The exchange program stemmed from Israel’s focus on supporting the development of the country’s agriculture sector. The two nations’ technical cooperation in the industry began in 1964.
Eyeing Investments in the BPO/IT Sector
Ambassador Matityau and Secretary Dominguez’s discourse included the possibility of Israeli companies investing in the local BPO and IT sectors. These two industries are boosting the country’s economy despite global uncertainties brought by the rising protectionism in the US and the UK’s exit from the European Union. The Bangko Sentral ng Pilipinas (BSP), the Philippines’ central bank, shares that confidence in the country’s domestic economy, on top of its stable macroeconomic fundamentals and growth potential, buoys the continuous influx of foreign investors to the country.
Apart from this, the two nations have also forged other bilateral agreements, including a Memorandum of Understanding on Scientific and Technological Cooperation, an Agreement on Mutual Assistance in Customs Matters, and a cooperation agreement on Telecommunications.
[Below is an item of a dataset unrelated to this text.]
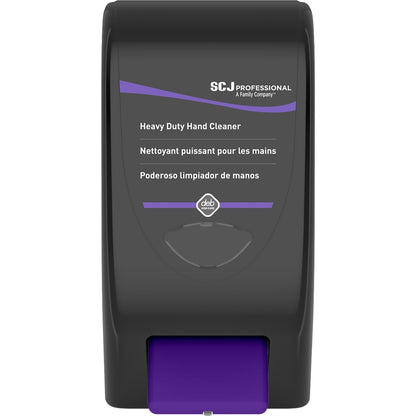 sc-johnson-hand-soap-2000-manual-dispenser-manual-1-06-gal-capacity-num-sjnhvy4ldb_1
With all of this, Secretary Dominguez expressed his gratitude to Ambassador Matityau for Israel’s assistance to the Philippines, stating, “We will certainly support all your efforts, Mr. Ambassador. I’m sure at one point or another this will come before us when financing is required, or when projects are required to have the approval of the ICC, of which I am the chairman. ICC is the Investment Coordinating Committee. So you have our support 100 percent.”